You pretty much can’t enjoy a meal at an outdoor terrace in Paris any longer, since most of those tables are taken up by smokers. A few weeks ago, my friend Bob and I were dining at a neighborhood restaurant while at a nearby table two women were chain-smoking as the baby of one of the women slept in a carriage next to where they sat. I guess they figured the kid needed get used to to tolerating the bad habits of others, and that children become accustomed to being exhaled on from an early age.

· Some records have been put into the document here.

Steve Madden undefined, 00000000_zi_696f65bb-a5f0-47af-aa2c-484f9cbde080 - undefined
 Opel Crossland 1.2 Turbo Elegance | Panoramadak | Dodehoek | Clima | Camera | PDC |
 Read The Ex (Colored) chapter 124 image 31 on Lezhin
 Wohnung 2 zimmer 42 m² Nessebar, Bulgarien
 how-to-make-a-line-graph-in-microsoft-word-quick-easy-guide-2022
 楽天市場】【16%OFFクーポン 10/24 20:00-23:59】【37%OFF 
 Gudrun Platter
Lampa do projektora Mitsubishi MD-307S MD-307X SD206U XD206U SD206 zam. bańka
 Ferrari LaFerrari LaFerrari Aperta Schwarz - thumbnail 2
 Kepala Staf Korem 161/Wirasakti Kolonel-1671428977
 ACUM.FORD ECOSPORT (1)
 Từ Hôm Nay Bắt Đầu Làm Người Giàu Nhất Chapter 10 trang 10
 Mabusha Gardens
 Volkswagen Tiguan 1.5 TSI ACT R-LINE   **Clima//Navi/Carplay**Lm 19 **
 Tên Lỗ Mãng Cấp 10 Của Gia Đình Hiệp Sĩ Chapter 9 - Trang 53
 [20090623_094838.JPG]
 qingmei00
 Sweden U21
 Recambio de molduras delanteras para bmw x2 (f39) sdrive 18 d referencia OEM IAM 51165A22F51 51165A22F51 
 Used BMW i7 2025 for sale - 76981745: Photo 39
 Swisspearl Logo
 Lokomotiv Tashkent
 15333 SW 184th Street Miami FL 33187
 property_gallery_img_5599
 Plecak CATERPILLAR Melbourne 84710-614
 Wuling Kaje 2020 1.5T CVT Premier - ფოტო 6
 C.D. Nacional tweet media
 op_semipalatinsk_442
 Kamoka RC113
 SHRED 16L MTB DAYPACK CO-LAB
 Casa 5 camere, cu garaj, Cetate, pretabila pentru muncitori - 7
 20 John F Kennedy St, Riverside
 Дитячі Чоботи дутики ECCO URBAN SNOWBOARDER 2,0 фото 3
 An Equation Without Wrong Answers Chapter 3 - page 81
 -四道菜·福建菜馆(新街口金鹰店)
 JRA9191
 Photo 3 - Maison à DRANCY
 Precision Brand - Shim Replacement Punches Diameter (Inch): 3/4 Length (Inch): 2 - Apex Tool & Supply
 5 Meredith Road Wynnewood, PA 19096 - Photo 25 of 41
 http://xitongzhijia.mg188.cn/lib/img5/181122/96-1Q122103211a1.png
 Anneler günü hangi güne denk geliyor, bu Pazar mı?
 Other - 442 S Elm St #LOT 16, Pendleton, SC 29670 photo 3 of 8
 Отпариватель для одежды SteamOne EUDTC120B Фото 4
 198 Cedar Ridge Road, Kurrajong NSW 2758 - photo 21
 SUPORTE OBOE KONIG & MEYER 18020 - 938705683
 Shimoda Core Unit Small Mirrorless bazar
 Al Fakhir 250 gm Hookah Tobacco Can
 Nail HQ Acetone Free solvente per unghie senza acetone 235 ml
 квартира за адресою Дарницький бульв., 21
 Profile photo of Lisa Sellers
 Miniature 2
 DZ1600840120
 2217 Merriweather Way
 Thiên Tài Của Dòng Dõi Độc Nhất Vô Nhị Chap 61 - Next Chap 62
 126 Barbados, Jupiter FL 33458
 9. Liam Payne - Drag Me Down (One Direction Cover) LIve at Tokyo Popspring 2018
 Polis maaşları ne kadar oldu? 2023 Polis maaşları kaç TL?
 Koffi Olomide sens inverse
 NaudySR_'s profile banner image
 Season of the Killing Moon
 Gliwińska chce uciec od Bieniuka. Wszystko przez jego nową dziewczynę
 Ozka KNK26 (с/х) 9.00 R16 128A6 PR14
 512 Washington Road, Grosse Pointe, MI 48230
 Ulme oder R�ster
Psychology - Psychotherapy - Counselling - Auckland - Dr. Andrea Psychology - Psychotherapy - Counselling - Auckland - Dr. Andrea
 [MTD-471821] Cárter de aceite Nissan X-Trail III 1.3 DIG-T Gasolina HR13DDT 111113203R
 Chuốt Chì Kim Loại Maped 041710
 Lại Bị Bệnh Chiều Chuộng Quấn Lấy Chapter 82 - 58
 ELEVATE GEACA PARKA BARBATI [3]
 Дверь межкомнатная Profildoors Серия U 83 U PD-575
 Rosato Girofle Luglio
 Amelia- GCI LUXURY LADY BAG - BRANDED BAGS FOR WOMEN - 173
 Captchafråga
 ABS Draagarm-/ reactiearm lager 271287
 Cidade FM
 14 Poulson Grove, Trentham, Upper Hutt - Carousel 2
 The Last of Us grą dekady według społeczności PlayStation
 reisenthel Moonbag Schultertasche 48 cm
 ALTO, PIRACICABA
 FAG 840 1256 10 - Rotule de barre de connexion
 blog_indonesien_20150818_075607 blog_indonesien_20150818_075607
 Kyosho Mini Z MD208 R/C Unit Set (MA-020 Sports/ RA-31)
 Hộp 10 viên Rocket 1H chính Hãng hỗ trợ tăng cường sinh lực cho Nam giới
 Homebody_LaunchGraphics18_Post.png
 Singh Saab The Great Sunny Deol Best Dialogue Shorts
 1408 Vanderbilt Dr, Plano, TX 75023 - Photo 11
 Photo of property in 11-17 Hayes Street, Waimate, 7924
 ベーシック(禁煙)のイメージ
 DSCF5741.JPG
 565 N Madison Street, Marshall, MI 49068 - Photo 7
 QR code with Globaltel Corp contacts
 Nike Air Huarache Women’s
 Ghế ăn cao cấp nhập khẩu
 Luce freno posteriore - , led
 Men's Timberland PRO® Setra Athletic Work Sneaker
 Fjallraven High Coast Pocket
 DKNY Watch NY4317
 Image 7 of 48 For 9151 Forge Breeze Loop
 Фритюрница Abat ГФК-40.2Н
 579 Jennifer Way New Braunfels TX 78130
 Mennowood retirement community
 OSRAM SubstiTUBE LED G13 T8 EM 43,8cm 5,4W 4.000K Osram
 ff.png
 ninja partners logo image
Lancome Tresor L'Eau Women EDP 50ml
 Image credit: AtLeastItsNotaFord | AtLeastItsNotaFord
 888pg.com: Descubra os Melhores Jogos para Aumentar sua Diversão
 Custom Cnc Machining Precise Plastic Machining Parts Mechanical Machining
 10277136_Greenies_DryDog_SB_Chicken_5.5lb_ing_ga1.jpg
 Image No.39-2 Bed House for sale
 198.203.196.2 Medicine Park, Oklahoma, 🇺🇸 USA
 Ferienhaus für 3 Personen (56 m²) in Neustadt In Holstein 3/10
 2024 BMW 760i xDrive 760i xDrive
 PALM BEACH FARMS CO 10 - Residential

I realized that my attitude toward smoking smacked of a sort of purity-provincialism, as if because I don’t smoke others shouldn’t either. I actually don’t care if other people smoke. I just don’t happen to like inhaling it. And I also realize that I’m naïve in thinking that simply because I’m not surrounded by smokers, that smokers don’t surround me wherever I am. It’s just one of those sharp differences between there and here you pick up on: more people seem to smoke in Paris than in New York (to my surprise, per-capita smoking is higher in the U.S. than in France). I mentioned all of this last week to a visiting friend with whom I’d attended Alliance Française a few years ago, where we both learned French (and where we’d become acquainted with certain French ways of doing things).
“Smoking bothers you here?”
I said it did, although perhaps each time I’m back in New York I get used to the lack of smoke there, and that I expect stupidly everyplace to be a smoke-free zone. I mentioned to Craig that I’m aware that I can’t do anything about what I consider to be the hordes of smokers in Paris. Still, having grown up with parents who went through three packs of unfiltered cigarettes a day each, and never having smoked myself, I have had enough secondhand smoke to last several lifetimes.
“It doesn’t really bother me anymore,” Craig said. “I’ve made peace with it.”
“You’ve made peace with it? As in dying?”
“Smoking. It’s just what they do.” Along with, it seems, not shaving in the locker room, or not soaping up in the showers.
I guess Craig had a point – you have to make peace with certain relatively benign behaviors that you can’t control. Even though I realize that what “they” might do and what my discomfort consists of relative to their actions is of no interest to anyone, particularly the happy puffers who take no notice of sanctimonious scolds like me whose lungs, if not their bitter little hearts, are clean.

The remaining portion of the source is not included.